Given material —

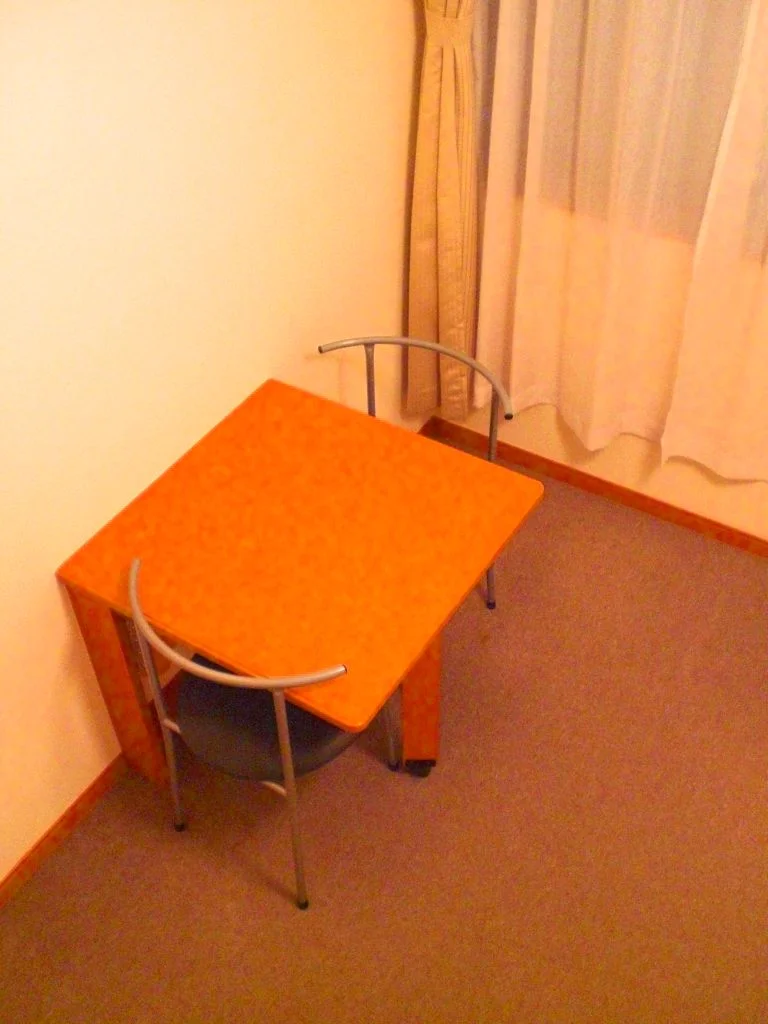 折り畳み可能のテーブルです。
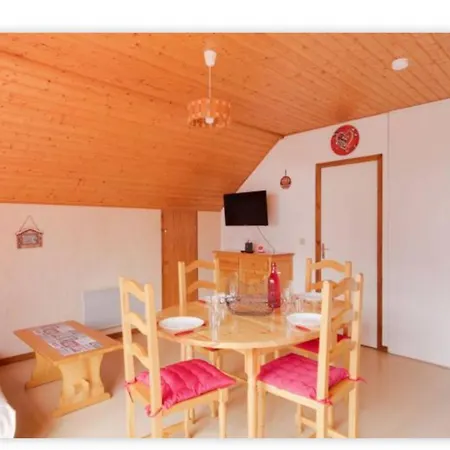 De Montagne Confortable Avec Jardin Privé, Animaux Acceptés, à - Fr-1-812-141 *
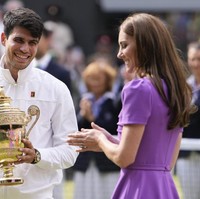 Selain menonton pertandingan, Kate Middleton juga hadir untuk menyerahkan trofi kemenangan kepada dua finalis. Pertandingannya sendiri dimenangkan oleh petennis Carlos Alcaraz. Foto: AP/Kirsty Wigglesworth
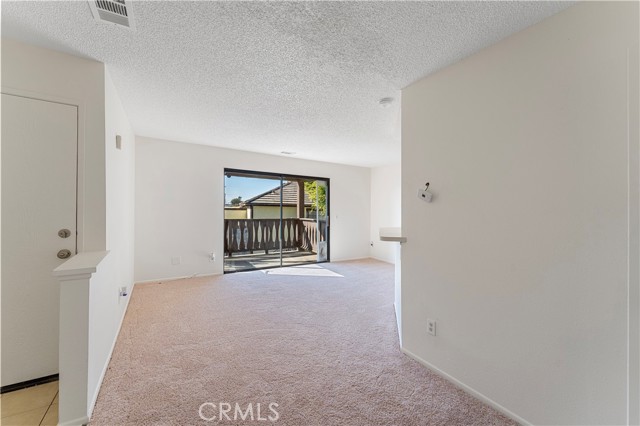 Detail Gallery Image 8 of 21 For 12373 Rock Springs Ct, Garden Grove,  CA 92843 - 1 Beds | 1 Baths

Task requirements — Could you give the material again exactly as it stands, omitting any image?

Result of the task —
 折り畳み可能のテーブルです。
 De Montagne Confortable Avec Jardin Privé, Animaux Acceptés, à - Fr-1-812-141 *
 Selain menonton pertandingan, Kate Middleton juga hadir untuk menyerahkan trofi kemenangan kepada dua finalis. Pertandingannya sendiri dimenangkan oleh petennis Carlos Alcaraz. Foto: AP/Kirsty Wigglesworth
 Detail Gallery Image 8 of 21 For 12373 Rock Springs Ct, Garden Grove,  CA 92843 - 1 Beds | 1 Baths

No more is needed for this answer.